Expatica news

Teacher rejected from job over his gay marriage

14 September 2005

BRUSSELS – A gay man in Flanders has been turned down from teaching because he is married to a male partner, it was reported on Wednesday.

Gertjan Bikker, a Dutch religious education teacher, applied for a post in the Flemish community in Belgium.

To teach about the protestant religion in the region, candidates have to present their applications to a committee made up of representatives of the United Protestant Church of Belgium (EPUB) and the Synod of Evangelical Churches.

The committee rejected Bikker’s application because a few years earlier in the Netherlands he had married.

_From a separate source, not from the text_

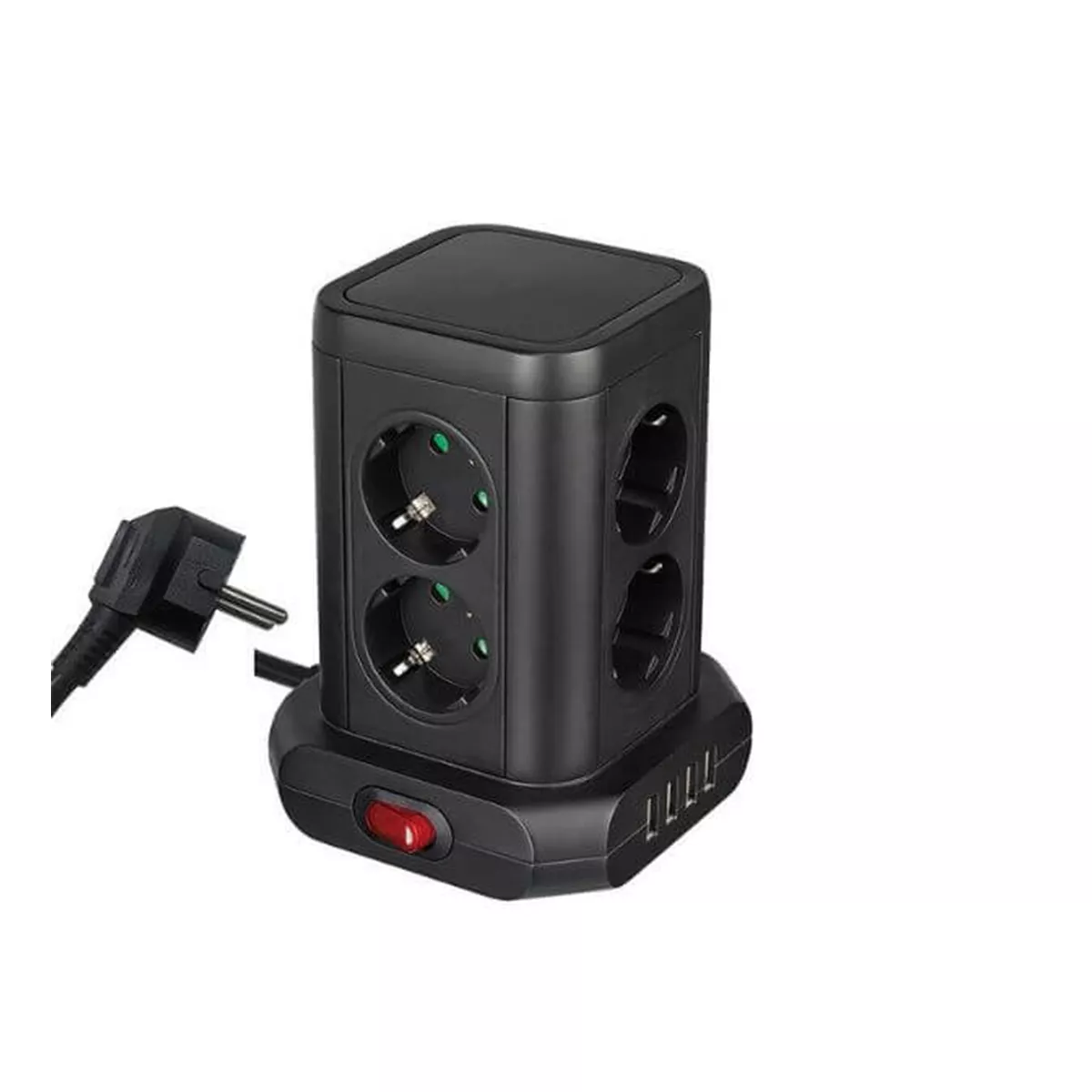 РАЗКЛОНИТЕЛ КУЛА С 8 ГНЕЗДА 4 USB 5V 4.8A 1.4М KN41091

The decision was taken despite the fact that Belgium was the second country after the Netherlands to legalise gay marriage, in September 2003.

In July, the country counted 2,442 gay couples, three percent of the total of Belgian marriages.

Priest Kommer Groeneveld told De Standaard, which broke the story, the committee took its decision to protect Bikker rather than to stigmatise him. “Homosexual marriage is too controversial at the moment and it seemed to us we should protect the teacher.

“A high number of parents don’t accept homosexual marriage and he wouldn’t have been any more protected by his pupils. It would have created permanent instability.”

Michel Dandoy, speaking for the EPUB, said: “We’re often talking about optional classes where boycotts can have very upsetting consequences since the teacher could find himself in front of an empty class, which would be very damaging for him.”

Dandoy added, though, that more evangelical priests were against gay marriage than those from the EPUB.

“Individual conscience is essential among us,” he said. “Traditional Belgian Protestantism is characterised by a large plurality of opinions. Our church undertook a deep reflection on this social theme at our last synod assembly and that continues at a local level.

“It’s also a question of community point of views: some are open to female priests, others aren’t. You could say the same for coloured priests, etc.”